Bandung, Sonora.ID - Gempa bumi yang melanda Kabupaten Bandung, Rabu (18/9/2024) dengan magnitudo 4,9, mengakibatkan sejumlah bangunan rusak, mulai dari rusak ringan hingga rusak berat.
Gempa bumi yang melanda sebelah Tenggara Kabupaten Bandung ini lantas ramai disebut sebagai gempa Megathrust.
Dalam sebuah siaran pers, Kepala Pusat Gempa Bumi dan Tsunami Badan Meteorologi, Klimatologi, dan Geofisika (BMKG) Daryono, menyebut bahwa gempa dari dua zona megathrust, yakni Megathrust Selat Sunda dan Megathrust Mentawai - Siberut, tinggal menunggu waktu.
Walau belum diketahui kapan akan terjadi, perlu juga diketahui apa itu gempa megathrust.
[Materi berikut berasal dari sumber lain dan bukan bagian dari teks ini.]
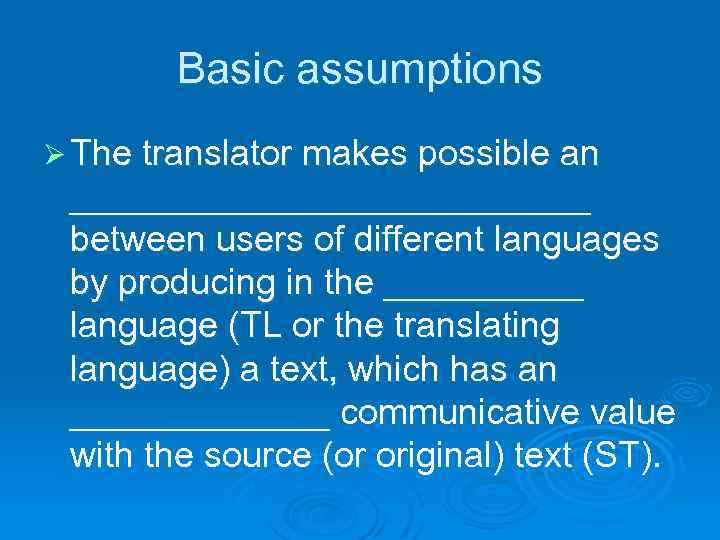 Basic assumptions Ø The translator makes possible an _____________ between users of different languages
Gempa megathrust adalah gempa bumi yang sangat besar yang terjadi di zona subduksi, wilayah tempat salah satu lempeng tektonik bumi terdorong di bawah lempeng lainnya.
Kedua lempeng biasanya terus bergerak mendekati satu sama lain, tetapi menjadi "terjebak" di tempat mereka bersentuhan. Akhirnya, penumpukan regangan melebihi gesekan antara kedua lempeng dan gempa megathrust yang besar terjadi.
Terkait hal tersebut, pakar kegempaan dari Badan Riset dan Inovasi Nasional (BRIN) menegaskan bahwa gempa yang terjadi di Kabupaten Bandung itu tidak terkait langsung dengan aktivitas gempa megathrust
Dari siaran pers BRIN, Sabtu (21/9/2024), Peneliti dari Pusat Riset Kebencanaan Geologi BRIN Nuraini Rahma Hanifa menjelaskan, bahwa gempa ini disebabkan oleh sumber sesar darat yang terjadi di dekat sesar lokal yakni sesar Garsela.
"Sesar Garsela ini memang sudah kita petakan di Peta Gempa Nasional tahun 2017 dan juga di Peta Gempa tahun 2024," kata Rahma.
Menurutnya, sesar Garsela ini memiliki dua segmen yakni segmen rakutai dan segmen kencana. Namun masih diperlukan investigasi lebih lanjut guna memastikan penyebab gempa yang terjadi di Kabupaten Bandung, terlebih bila melihat pusat kerusakan yang berada 5 Km di sisi barat pusat gempa.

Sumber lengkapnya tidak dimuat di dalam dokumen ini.